NTS Spring 2014/Abstracts
|Majid Hadian-Jazi (UIC)|
|Title: On a motivic method in Diophantine geometry|
Abstract: By studying the variation of motivic path torsors associated to a variety, we show how certain nondensity assertions in Diophantine geometry can be translated to problems concerning K-groups. Then we use some vanishing theorems to obtain concrete results.
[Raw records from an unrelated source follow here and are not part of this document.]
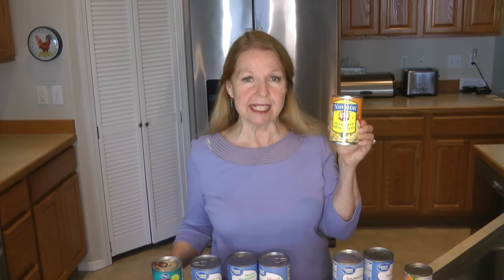Canned artichokes are also very handy and pretty delicious — sometimes sold in a jar as well but also available in a can. I like to use them in salads, add them into pasta, and they're great if you like to make spinach artichoke dip.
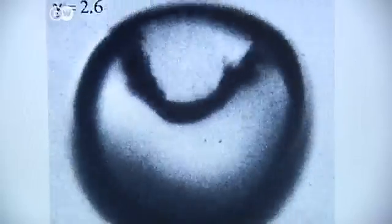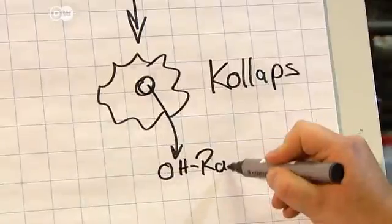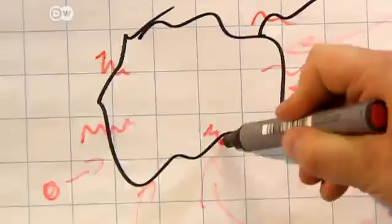You can imagine it this way: first, it's the size of a melon, and then, within a millisecond, it collapses to the size of a cherry pit. That produces very high temperatures, which in turn splits the water molecules and generates OH radicals. These highly reactive fragments of water molecules attack the medications in the water and break them down.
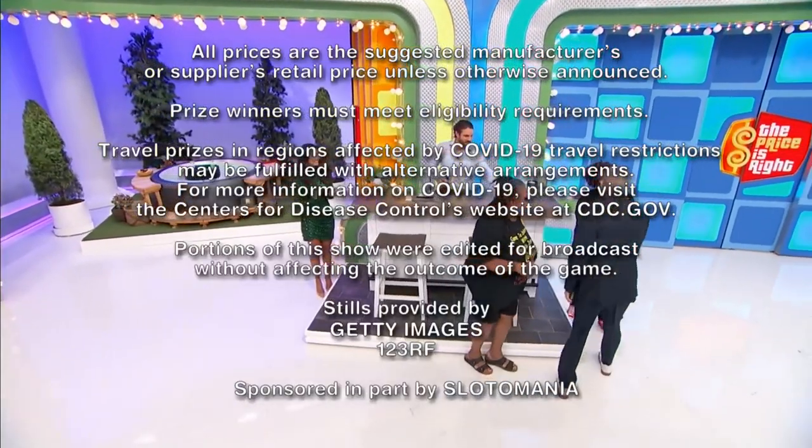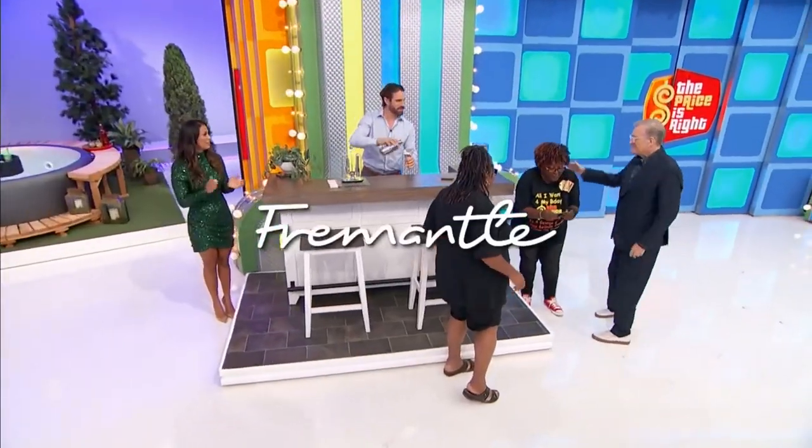This is George Gray speaking for The Price Is Right, a Fremantle production.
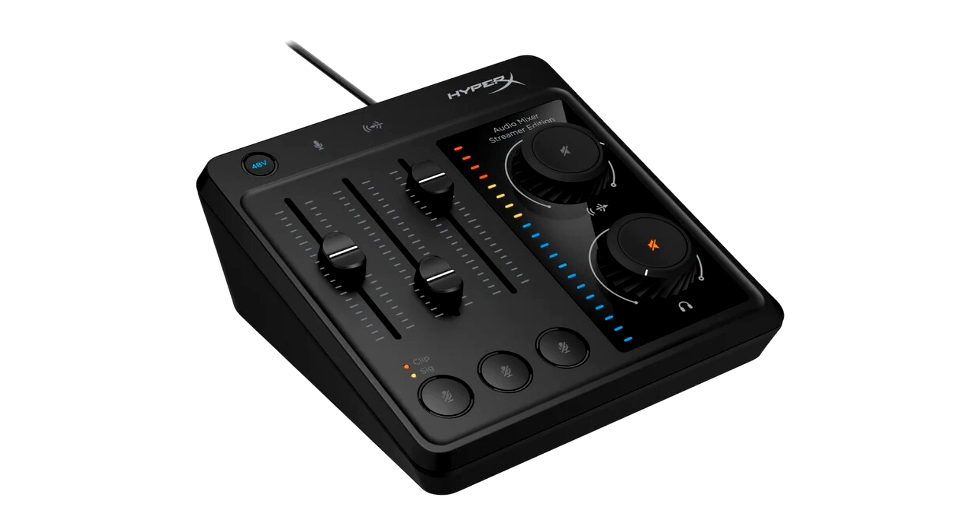The Heprix Audio Mixer Audio Interface is an all-in-one compact solution that empowers content creators to achieve the perfect mix for mic, game audio, voice chat, and output volumes. The Audio Mixer ensures clear studio-quality audio with features like an XLR input with 48V phantom power, support for 24-bit/96kHz audio, and direct monitoring.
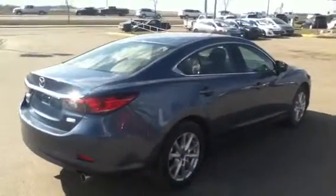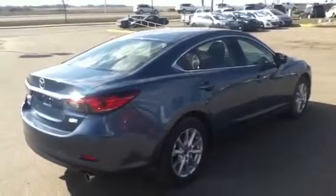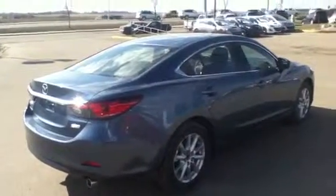And there we have it — the 2014 Mazda 6. If you have any questions, give me a call at 780-665-5224.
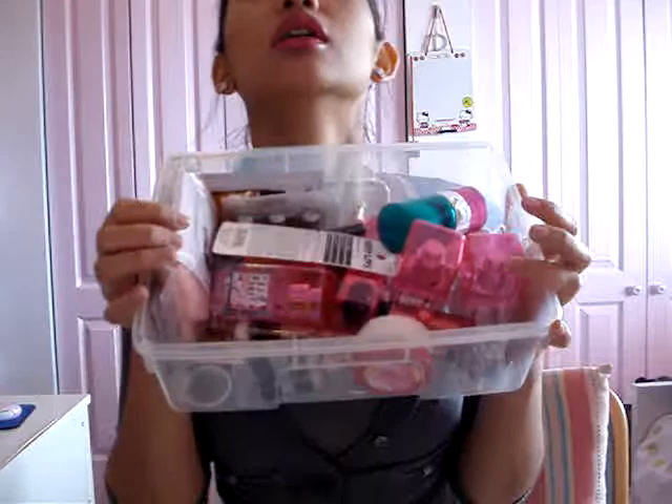Hey guys, how's it going? I'm just going to be doing another haul for you. This stuff is what my mom got me or saved up for me and my sister — well, this one's for me; my sister has her own little box. She would buy us everything. I always put it in this little box so I can show you guys which ones are new and which ones are old.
|Alexander Fish (University of Sydney, Australia)|
|Title: Ergodic Plunnecke inequalities with applications to sumsets of infinite sets in countable abelian groups|
Abstract: By use of recent ideas of Petridis, we extend Plunnecke inequalities for sumsets of finite sets in abelian groups to the setting of measure-preserving systems. The main difference in the new setting is that instead of a finite set of translates we have an analogous inequality for a countable set of translates. As an application, by use of Furstenberg correspondence principle, we obtain new Plunnecke type inequalities for lower and upper Banach density in countable abelian groups. Joint work with Michael Bjorklund, Chalmers.
|John Voight (Dartmouth)|
|Title: Numerical calculation of three-point branched covers of the projective line|
Abstract: We exhibit a numerical method to compute three-point branched covers of the complex projective line. We develop algorithms for working explicitly with Fuchsian triangle groups and their finite index subgroups, and we use these algorithms to compute power series expansions of modular forms on these groups. This is joint work with Michael Klug, Michael Musty, and Sam Schiavone.
|Nir Avni (Northwestern)|
|Title: Representation zeta functions|
Abstract: I will talk about connections between the following: 1) Asymptotic representation theory of an arithmetic lattice G(Z). More precisely, the question of how many n-dimensional representations does G(Z) have. 2) The distribution of a random commutator in the p-adic analytic group G(Zp). 3) The complex geometry of the moduli spaces of G-local systems on a Riemann surface, and, more precisely, the structure of its singularities.